Die Mutter weiß nichts von den Plänen ihres Mannes, neben seiner Fabrik, im besagten Ranenwäldchen, ein KZ errichten zu wollen. Nach dem Krieg wird die Fabrik entschädigungslos enteignet, Gerhard Müller als Brigadeführer der SS und Kriegsverbrecher gehenkt und seine Familie aus dem Haus getrieben. Die Mutter distanziert sich von der Gesinnung des Ehemannes, trägt ihre neuen Lebensverhältnisse mit Fassung und nimmt für sich und die beiden Söhne, die sie allein großzieht, wieder ihren Mädchennamen Boggosch an. Den Söhnen verschweigt sie anfangs die Wahrheit über den Vater, um sie zu schützen. Bewundernswert erscheint ihre konsequente Haltung in der Ablehnung der in einem Gerichtsprozess des Schwagers für sie erwirkten Rente und aller sonstigen Zuwendungen des Onkels für ihre Söhne. Sie bleibt in Ostdeutschland, obwohl sie dort wegen der Verbrechen des Ehemannes nicht als Lehrerin arbeiten darf. Ihre Söhne unterrichtet sie in verschiedenen Sprachen, was sich für Konstantin später noch als sehr hilfreich erweisen wird.
Immer mehr, insbesondere für Konstantin, der den Vater nie persönlich kennenlernte, wird der Vater zum geheimnisumwitterten Phantom, das ängstigt und zugleich auch Adresse einer unbestimmten Sehnsucht nach der fehlenden Vaterfigur ist.
Als Konstantin elf Jahre alt ist, erfährt er die ganze Wahrheit über den Vater und beginnt -anders als der zwei Jahre ältere Bruder Gunthart-, diesen immer mehr für sich abzulehnen.
Parallel zur verstärkten inneren Auseinandersetzung mit dem Vater legt sich dessen Schatten zunehmend und kontinuierlich über Konstantins Lebensweg, beginnend damit, dass ihm, obwohl Klassenbester, der Besuch der Oberschule verwehrt wird. So beginnen abenteuerliche Pläne zu reifen: Konstantin will sich der Fremdenlegion anschließen und auf diese Weise vor dem ihm in seiner Heimat immer gegenwärtigen Vater-Phantom fliehen. In dieser Absicht gelangt er durch eine Flucht nach Westberlin tatsächlich bis nach Frankreich, wo er bald erkennt, dass die Fremdenlegion nicht die beste Idee war. Doch er kann die Prophezeiung seiner Mutter, Glückskind zu sein, hier verwirklichen.

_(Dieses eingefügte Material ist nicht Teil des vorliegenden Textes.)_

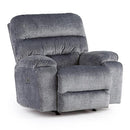 RYSON SPACE SAVER RECLINER- 8M54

Ausgerechnet für vier ehemalige Widerstandskämpfer, die für ihn zugleich Freunde und Gönner werden, arbeitet Konstantin als Übersetzer, besucht mit ihrer Hilfe die Abendschule und legt die mittlere Reife ab.
Doch auch in Frankreich holt ihn die Figur des Vaters ein. Einer seiner Gönner; derjenige, der die ersehnte positive Vaterrolle für Konstantin zu besetzen beginnt, stellt sich als persönlich betroffenes Opfer von Konstantins Vater heraus. Erneut ergreift Konstantin, der es nicht wagt, vor seinen väterlichen Freunden zu dieser Situation Stellung zu beziehen, die Flucht. Am Tag des Mauerbaus kehrt er zurück in den Osten. Dass er dabei als sogenannter Republikflüchtling ungestraft davonkommt, ist glücklichen Umständen, wie sie Konstantin immer wieder begegnen, zuzuschreiben.
Nach dem Wiedersehen mit der stets geliebten und geachteten Mutter beginnt für Konstantin der folgende Lebensabschnitt in Magdeburg – mit Studium (wieder wegen des Vaters nicht das ursprünglich ersehnte), neuen Freunden, Beruf und erster Liebe – und auch dabei halten sich Glück und Unglück nicht weit voneinander entfernt. Konstantin beginnt zu erkennen, dass er seinem Schicksal, Sohn dieses Vaters zu sein, niemals wird ausweichen können.
„Glückskind mit Vater“ ist eine grandios erzählte Lebens- und Zeitgeschichte, in welcher sich viele deutsche Schicksale gespiegelt sehen werden -packend von der ersten bis zur letzten Seite, ganz so, wie man es nicht anders von Christoph Hein erwartet hätte.